Harvy membuka mata, pandangnya mengitari ruangan yang nampak asing. Cukup lama ia mencerna hingga bisa tahu dimana ia berada. Ia tak perlu mempertanyakan bagaimana ia berakhir di tempat ini, ia bisa mengingat kejadian sebelum ia terbaring di tempat ini. tangannya terkepal kuat, ada dendam yang tersimpan di dalam hatinya yang harus ia balaskan segera.
Ia kemudian penasaran, siapa orang baik yang telah menemukannya dan membawanya sampai di tempat ini. perlukah ia berterima kasih?
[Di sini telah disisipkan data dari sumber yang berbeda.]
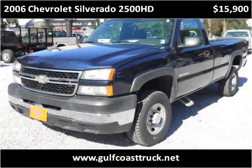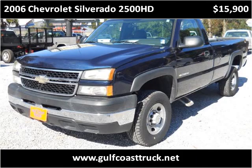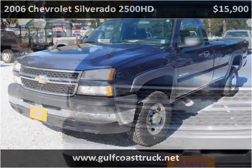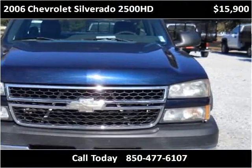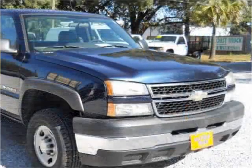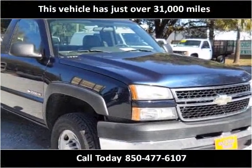This 2006 Chevrolet Silverado 2500 HD is available from Gulf Coast Truck. This vehicle has just over 31,000 miles.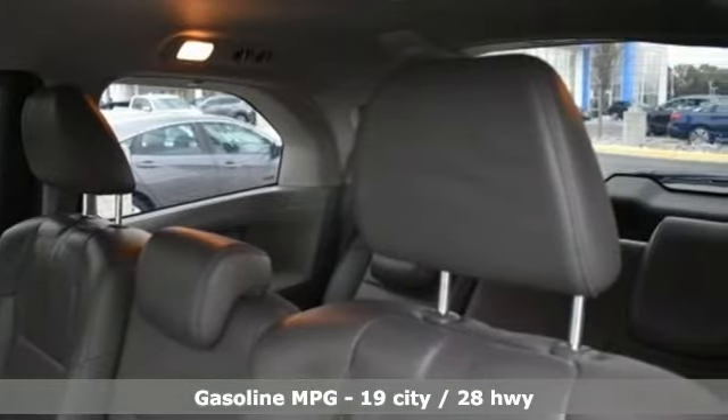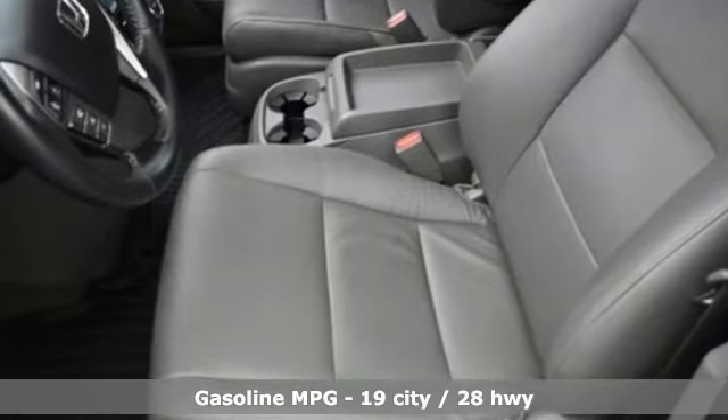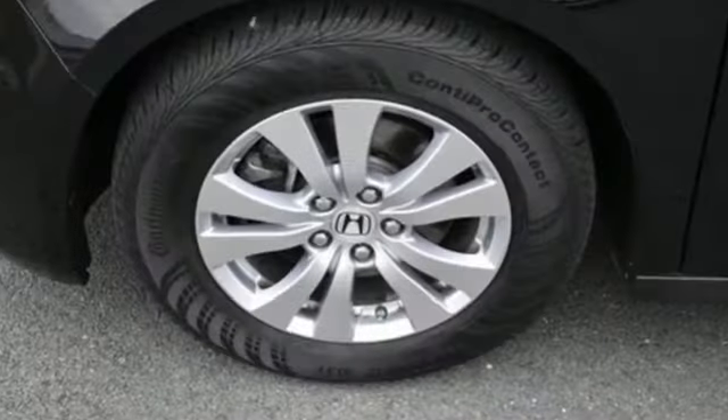External memory control, power heated mirrors, front heated leather bucket seats, auto dimming rear view mirror, doors and push button start proximity key.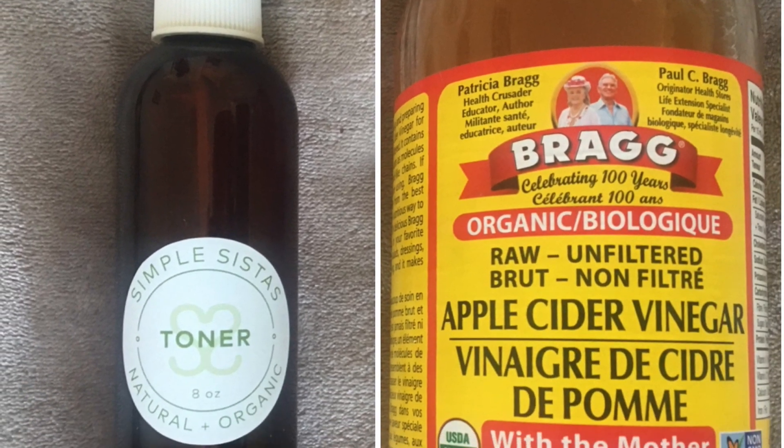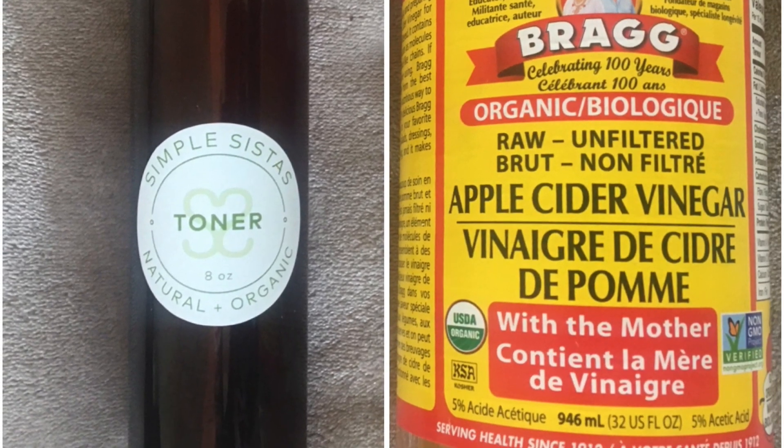Once I've completed washing my face, the next thing I do after a towel dry is use a toner or apple cider vinegar. For my toner, I personally like to use Simple Sista's toner, which we just released. I'll leave a link in the description box as to where you can purchase that. But if you aren't going to purchase that, then the next best thing is organic apple cider vinegar.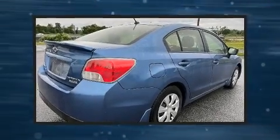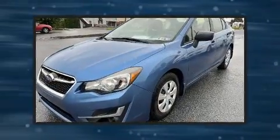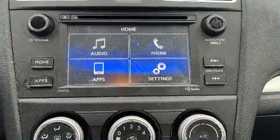Discerning drivers will appreciate the 2016 Subaru Impreza. This four-door, five-passenger sedan has not yet reached the 50,000-mile mark. Smooth gear shifts are achieved thanks to the efficient four-cylinder engine, and all-wheel drive keeps this model firmly attached to the road surface.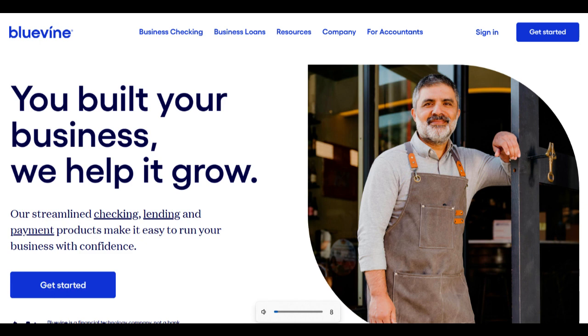The Bluevine Small Business Checking Account also provides an opportunity for businesses to earn interest on their account balances, which is a notable advantage. They offer a competitive 1% interest rate, allowing businesses to generate additional income from their idle funds.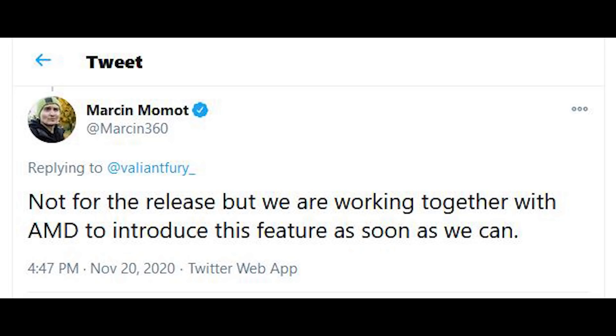According to one of the developers over at CD Projekt Red, Marcin said, and I quote, "Not for release, but we are working together with AMD to introduce this feature as soon as we can." So it is kind of frustrating — this is actually the reverse of the situation we're seeing for Godfall.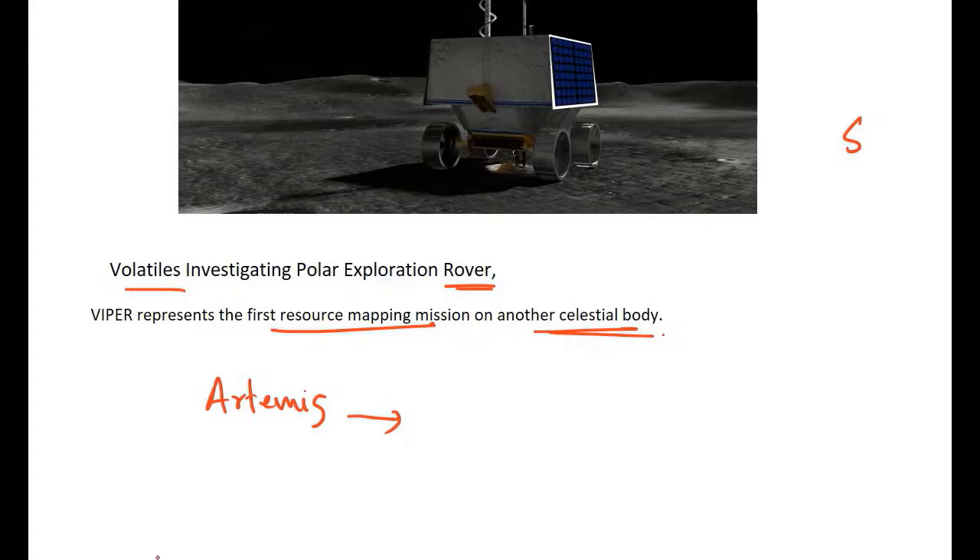The Artemis program has three parts: Artemis 1, Artemis 2, and Artemis 3. The major aim of NASA's Artemis program is to send the next man and the first woman to the lunar surface by the year 2024. VIPER's findings will inform the future landing sites for the Artemis program and help identify resources to sustain humans for extended periods.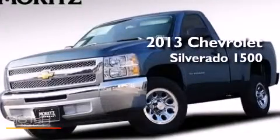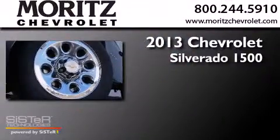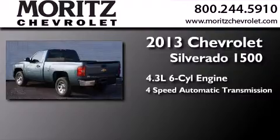This is a brand-new 2013 Chevrolet Silverado 1500. It features a 4.3-liter six-cylinder engine and a four-speed automatic transmission.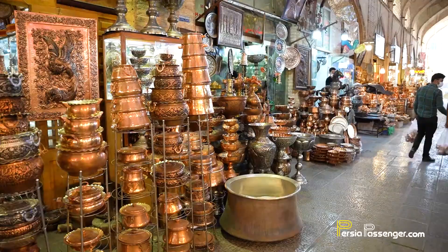Nothing rounds up an overseas trip better than buying a few souvenirs, just like the souvenir itself and the memory of exploring a new destination.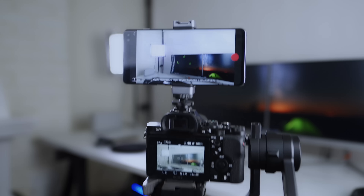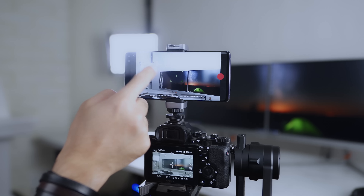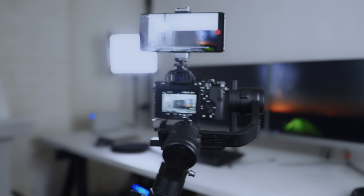Active Track works similarly to the Osmo Pocket — just lock your subject and it pans and tilts to follow it. Tapping the M button puts your camera into 3D Roll. Tapping it twice will continuously rotate the gimbal, and pressing it once again will reset it. Tapping twice starts the rotation.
Kata yang tak pernah keluar dari mulutnya.
Ia akhirnya tahu orang baik itu bernama Devan, seorang dokter yang terus di elu-elukan oleh para perawat. Ia ingin segera bertemu tetapi lelaki itu belum pernah muncul di depannya.
"dia gak kerja di rumah sakit ini." jawab perawat saat ia meminta dipertemukan dengan Devan. Harvy makin penasaran bahkan saat hari ketiganya ia di rumah sakit, lelaki itu belum menampakkan batang hidungnya juga. kata terima kasih memang mungkin tak akan pernah keluar dari mulutnya.
Sebuah derap langkah terdengar makin mendekat menuju ruangannya, sesaat kemudian pintu terdorong dan sosok lelaki muncul dari balik pintu itu. Harvy belum berpaling sampai lelaki itu memanggil namanya.
"Harvy...." Suara lelaki itu terdengar kaku. Harvy menoleh dengan ekspresi datar, ia menatap lelaki di depannya, ia mungkin akan setuju bahwa sosok lelaki itu sangat sempurna, tak jauh beda dari apa yang dielu-elukan para perawat.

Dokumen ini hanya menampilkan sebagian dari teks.